If we want to transform the integer values back to the original string representation
at a later stage, we can simply define a **reverse-mapping** dictionary, inv_size_
mapping = {v: k for k, v in size_mapping.items()}, which can then be used
via the pandas map method on the transformed feature column and is similar to the
size_mapping dictionary that we used previously. We can use it as follows:

In [None]:
inv_size_mapping = {v: k for k, v in size_mapping.items()}
# print(inv_size_mapping)
df['size'].map(inv_size_mapping)


0     M
1     L
2    XL
Name: size, dtype: object

## **1.2 Encoding Class labels**

To encode the class labels, we can use an
approach similar to the mapping of ordinal features discussed previously. We need
to remember that class labels are not ordinal, and it doesn't matter which integer
number we assign to a particular string label.

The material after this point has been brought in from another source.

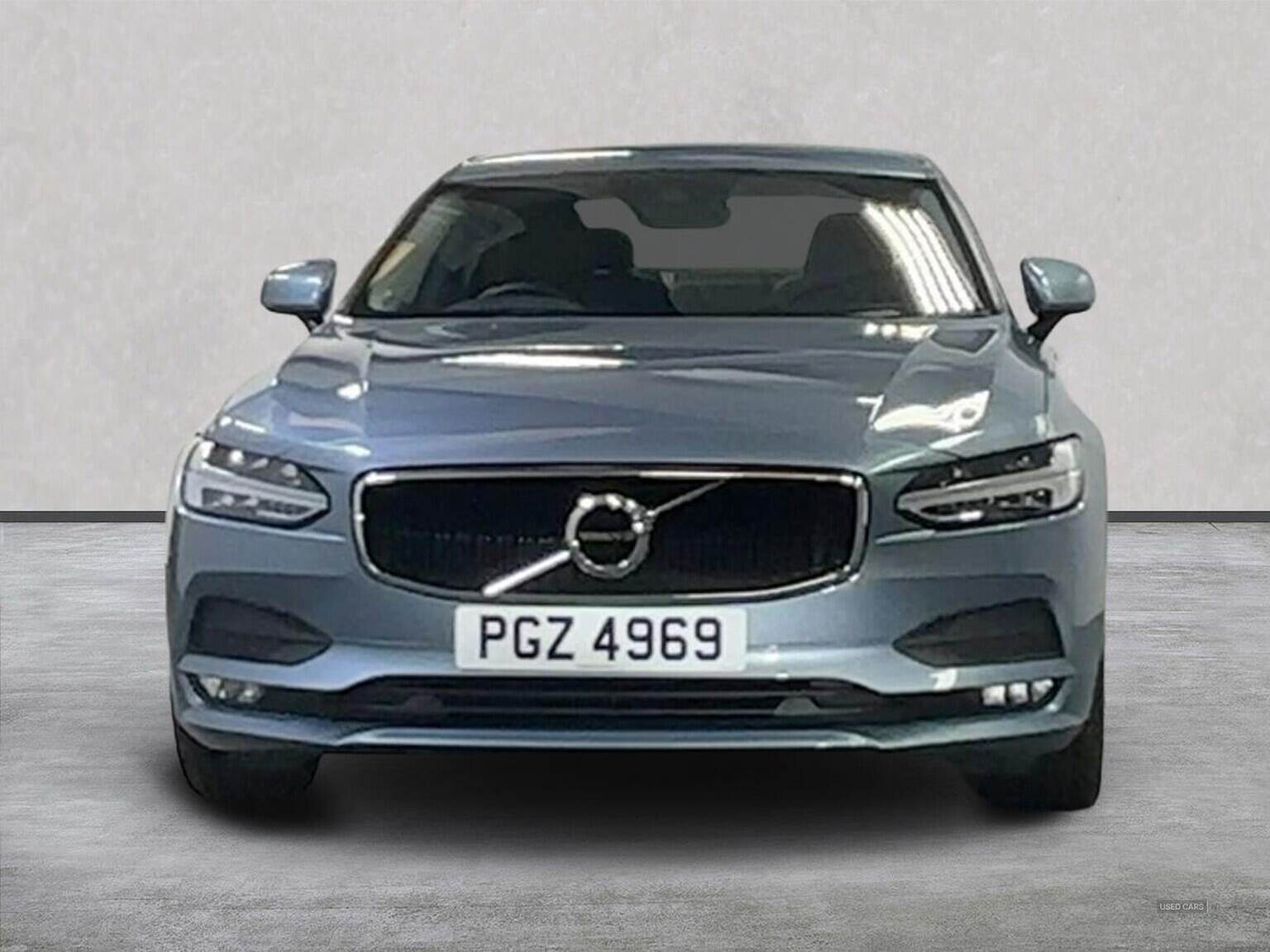 Jan 2020 Volvo S90 2.0 T4 Momentum Plus 4Dr Geartronic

Thus, we can simply enumerate
the class labels, starting at 0:

In [None]:
import numpy as np

# create a mapping dict
# to convert class labels from strings to integers
class_mapping = {label: idx for idx, label in enumerate(np.unique(df['class_label']))}

print(class_mapping)

# Use the mapping dictionary to transform the class labels into integers:
# to convert class labels from strings to integers
df['class_label'] = df['class_label'].map(class_mapping)
df

{'classA': 0, 'classB': 1}


Unnamed: 0,color,size,price,class_label
0,green,1,10.1,0
1,red,2,13.5,1
2,blue,3,15.3,0


In [None]:
# reverse the class label mapping, going back
inv_class_mapping = {v: k for k, v in class_mapping.items()}

print(inv_class_mapping)

df['class_label'] = df['class_label'].map(inv_class_mapping)
df

{0: 'classA', 1: 'classB'}


Unnamed: 0,color,size,price,class_label
0,green,1,10.1,classA
1,red,2,13.5,classB
2,blue,3,15.3,classA


In [None]:
#Alternatively, there is a convenient LabelEncoder class directly implemented in Scikit-Learn to achieve this:

from sklearn.preprocessing import LabelEncoder

# Label encoding with sklearn's LabelEncoder
class_le = LabelEncoder()

y = class_le.fit_transform(df['class_label'].values)

print(y)

# reverse mapping
y = class_le.inverse_transform(y)
print(y)

[0 1 0]
['classA' 'classB' 'classA']


## **1.3 One-hot encoding**



In [None]:
X = df[['color', 'size', 'price']].values

color_le = LabelEncoder()

X[:, 0] = color_le.fit_transform(X[:, 0])

X

array([[1, 1, 10.1],
       [2, 2, 13.5],
       [0, 3, 15.3]], dtype=object)

After executing the preceding code, the first column of the NumPy array,
X, now holds the new color values, which are encoded as follows:

• blue = 0

• green = 1

• red = 2


If we stop at this point and feed the array to our classifier, we will make one of the
most common mistakes in dealing with categorical data. 
Although the color values don't come in any particular order, a learning algorithm
will now assume that green is larger than blue, and red is larger than green.
Although this assumption is incorrect, the algorithm could still produce useful
results. However, those results would not be optimal.
A common workaround for this problem is to use a technique called **one-hot
encoding**. The idea behind this approach is to create a new dummy feature for each
unique value in the nominal feature column. Here, we would convert the color
feature into three new features: blue, green, and red. Binary values can then be used
to indicate the particular color of an example; for example, a blue example can be
encoded as blue=1, green=0, red=0. To perform this transformation, we can use the
OneHotEncoder that is implemented in scikit-learn's preprocessing module:

In [None]:
from sklearn.preprocessing import OneHotEncoder

X = df[['color', 'size', 'price']].values

color_ohe = OneHotEncoder()

print(color_ohe.fit_transform(X[:, 0].reshape(-1, 1)).toarray()) #reshape(-1,1) means rows unknown with one column 

from sklearn.compose import ColumnTransformer

X = df[['color', 'size', 'price']].values

c_transf = ColumnTransformer([ ('onehot', OneHotEncoder(), [0]),
                               ('nothing', 'passthrough', [1, 2])])   #ColumnTransformer, which accepts a list of (name, transformer,column(s))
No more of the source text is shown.